• [GIVEN INFORMATION]:
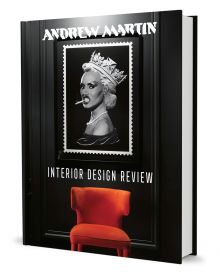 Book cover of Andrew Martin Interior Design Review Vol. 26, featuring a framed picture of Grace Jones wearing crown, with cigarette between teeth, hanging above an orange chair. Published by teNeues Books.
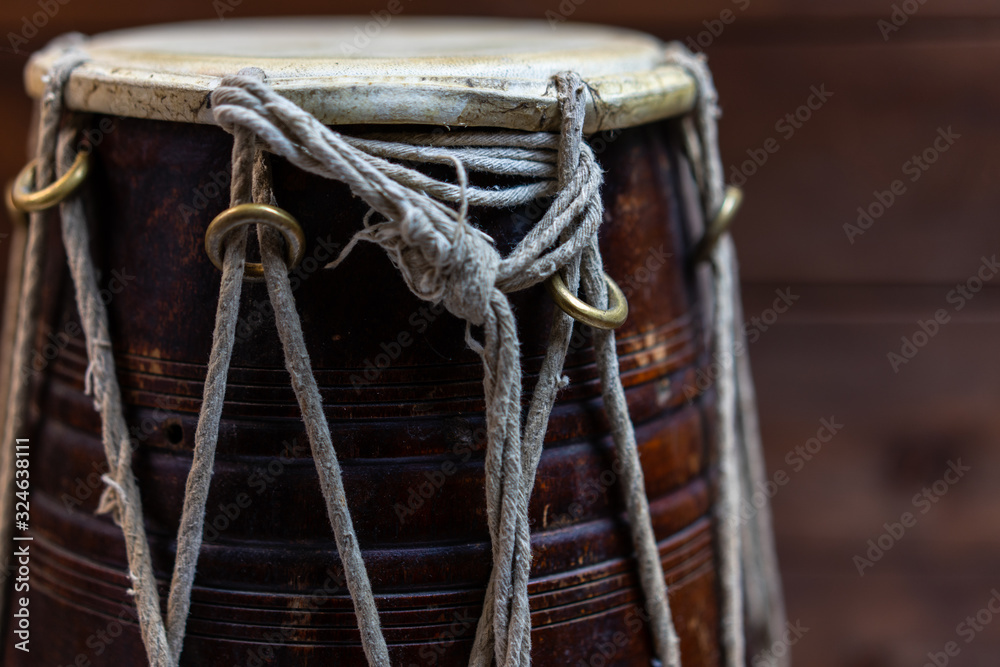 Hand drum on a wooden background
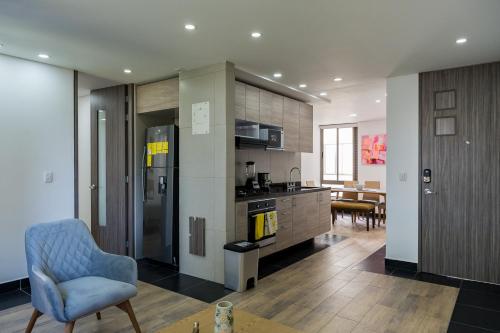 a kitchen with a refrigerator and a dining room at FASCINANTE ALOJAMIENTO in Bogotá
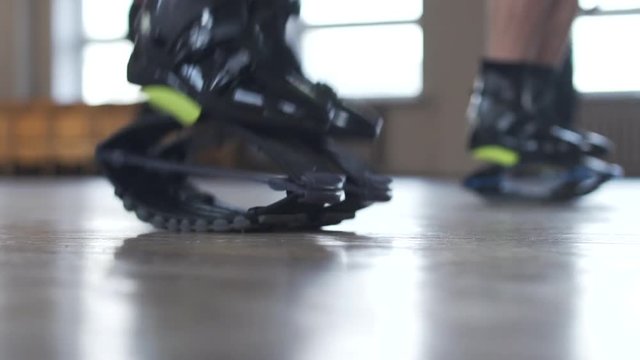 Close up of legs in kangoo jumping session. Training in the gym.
==
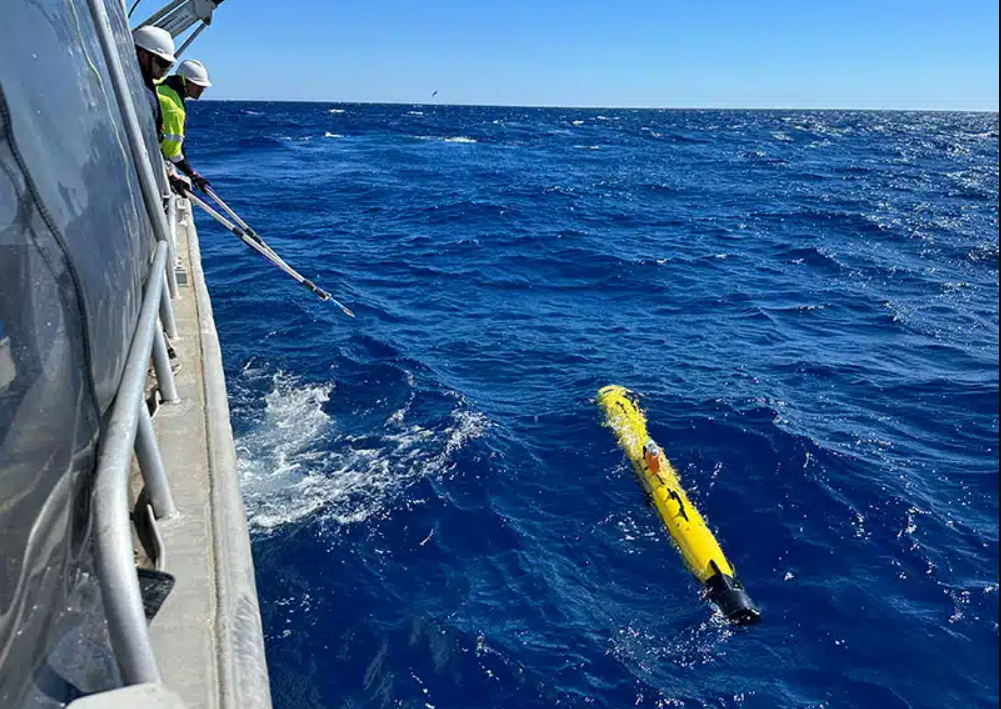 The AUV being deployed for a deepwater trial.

• [WHAT YOU SHOULD DO]:
Although the records above contain pictures, the copy should not; retype exactly the lines from the one containing "a kitchen with" through the one containing "Close up of".

• [WRITTEN RESPONSE]:
 a kitchen with a refrigerator and a dining room at FASCINANTE ALOJAMIENTO in Bogotá
 Close up of legs in kangoo jumping session. Training in the gym.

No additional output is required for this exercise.